Sarri and Jose Mourinho are clearly wildly different personalities, but declaring that his players are “extremely difficult to motivate” after a big defeat feels like a deflection tactic straight out of the Mourinho playbook, an excuse that ultimately exposes his own failings as much as those of his players. Sarri had a tough task, starting late into preseason and with an imbalanced squad, but making sure his players are paying attention for most of the game feels like one of the more straightforward tasks a manager can have.
Perhaps this itself is an attempted motivation tactic, but if so it’s a gamble, even if Sarri doesn’t agree. “I don’t think it is risky,” he said. “These guys have a sensible head on their shoulders. … I said the players are difficult to motivate but by the same token there are players who are sensible, who will listen and won’t take it the wrong way.”

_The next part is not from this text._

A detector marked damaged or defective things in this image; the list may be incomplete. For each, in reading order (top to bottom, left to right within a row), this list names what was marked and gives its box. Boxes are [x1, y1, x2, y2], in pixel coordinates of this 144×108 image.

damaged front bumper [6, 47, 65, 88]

He had better hope he is right.
Belated tactical revelation of the weekend
When Unai Emery arrived at Arsenal, one of the tactical considerations he had to mull over was how to best use Alexandre Lacazette and Pierre-Emerick Aubameyang, ideally figuring out how to get them in the same team. It’s a shame that Emery seems finally to have settled on playing the Juventus-bound Aaron Ramsey behind them both, just too late to keep the Welshman for the long-term, while simultaneously being an indication of how Arsenal’s attempt at renovating their decision-making structure has backfired.
Goal of the weekend
From a technical point of view almost every goal scored this weekend was better than Laurent Koscielny’s, looping in off his shoulder against Chelsea. But after the year he has had, watching France win the World Cup from a treatment table and losing nine months at a stage of his career when time is precious, we can allow a little sentiment.
Retro performance of the weekend
Earlier in the season, when Liverpool were winning games without producing scintillating football, Jurgen Klopp would insist that his team weren’t becoming boring, just that they were more mature. No more madcap, “you score three, we score four” wins, just nice, sensible, two to nothings.
Against Crystal Palace they returned to last season’s form, so you wonder whether this was just a brief interlude or a slide back to their old ways. They will hope it’s the former, but the rest of us might yearn for the latter.